- Problem: What is needed is an exact copy of every line from the one containing "Building Photo - 645 Riva Ridge Rd" through the end of the entries; please set it down without any pictures.

[[ Given records, beginning ]]

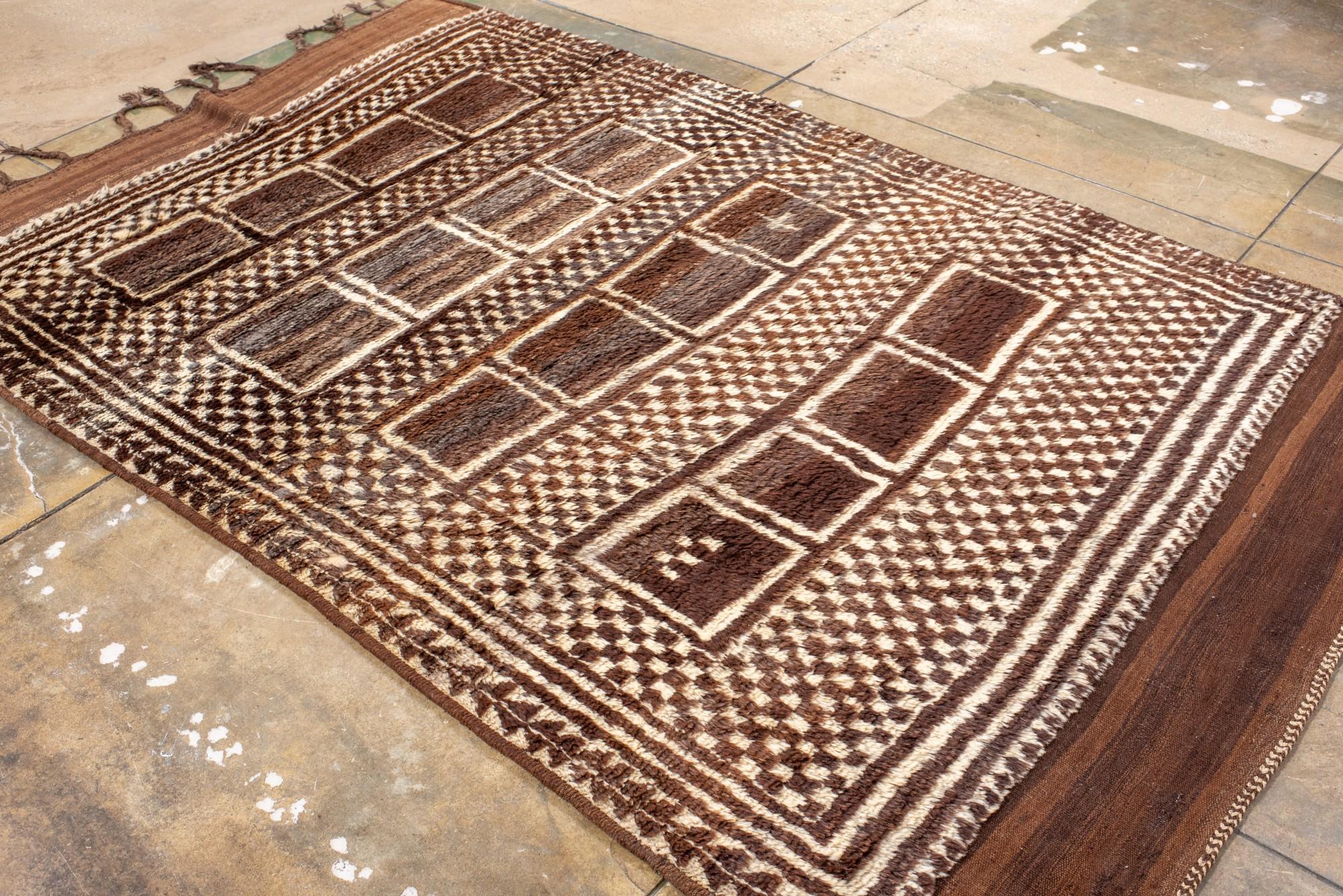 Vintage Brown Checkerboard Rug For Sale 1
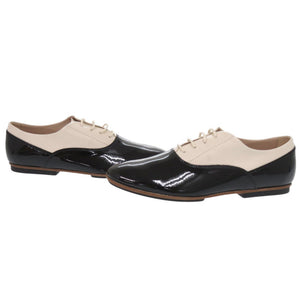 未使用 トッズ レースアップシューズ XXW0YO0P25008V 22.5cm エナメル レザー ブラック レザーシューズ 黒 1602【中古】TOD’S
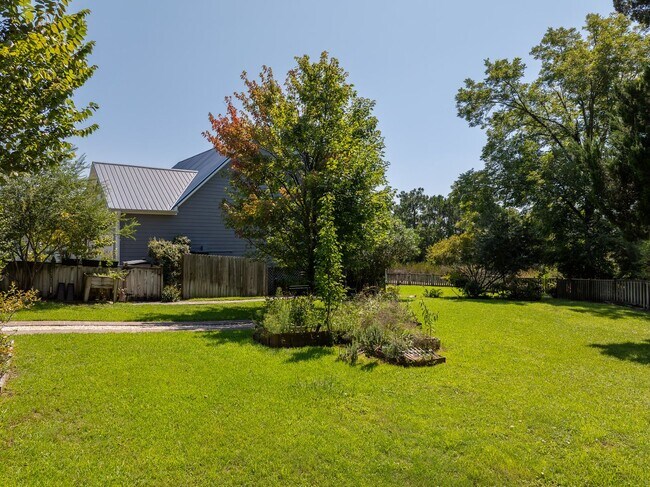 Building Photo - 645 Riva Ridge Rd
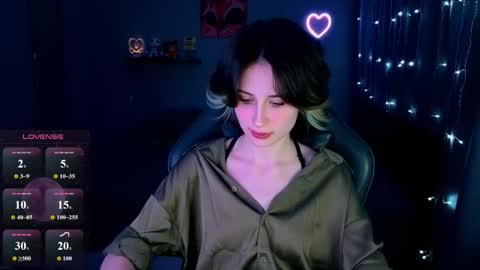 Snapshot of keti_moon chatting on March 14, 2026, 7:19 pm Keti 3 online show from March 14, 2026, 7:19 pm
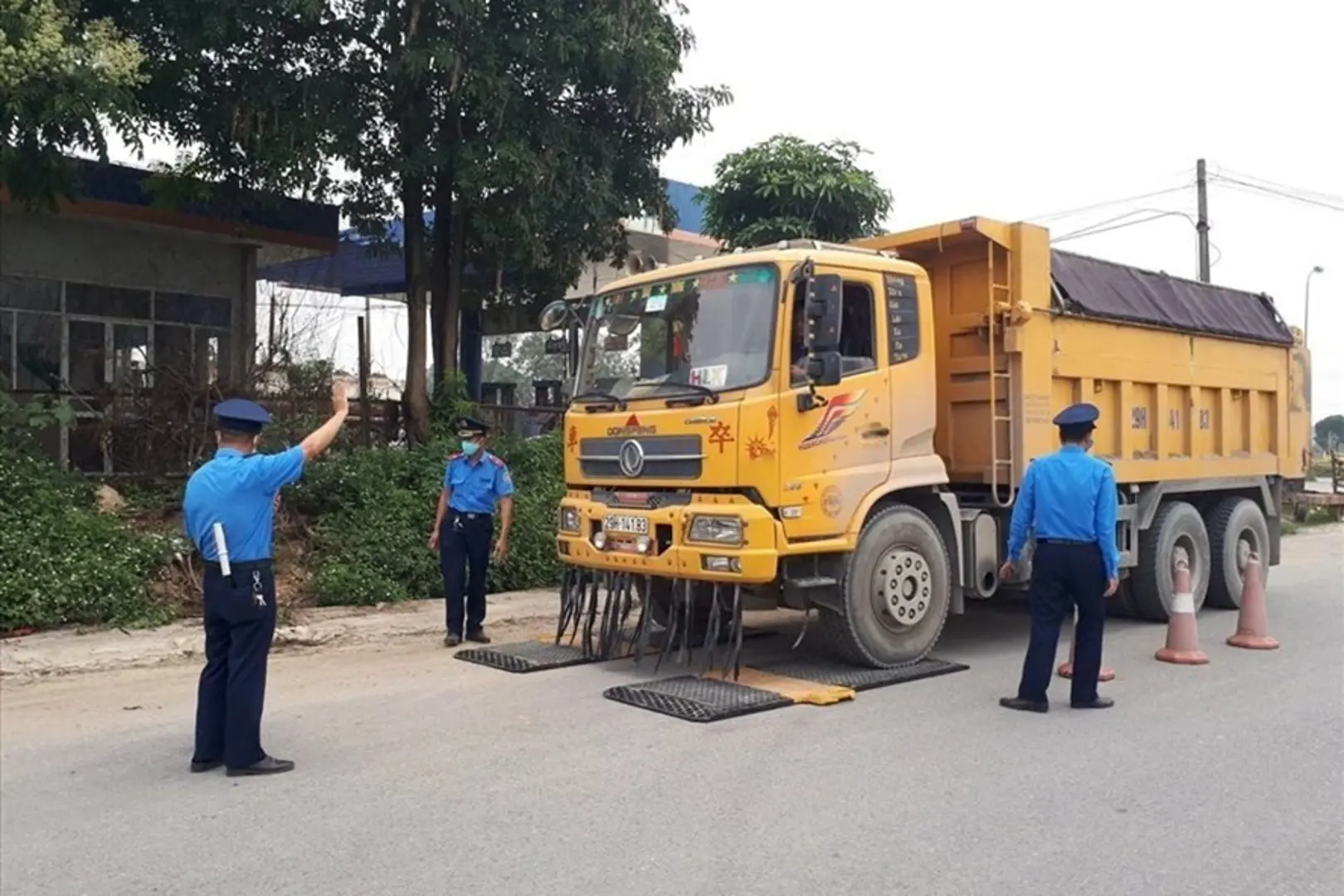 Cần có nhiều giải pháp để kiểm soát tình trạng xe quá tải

[[ Given records, end ]]

- Solution to this task:
 Building Photo - 645 Riva Ridge Rd
 Snapshot of keti_moon chatting on March 14, 2026, 7:19 pm Keti 3 online show from March 14, 2026, 7:19 pm
 Cần có nhiều giải pháp để kiểm soát tình trạng xe quá tải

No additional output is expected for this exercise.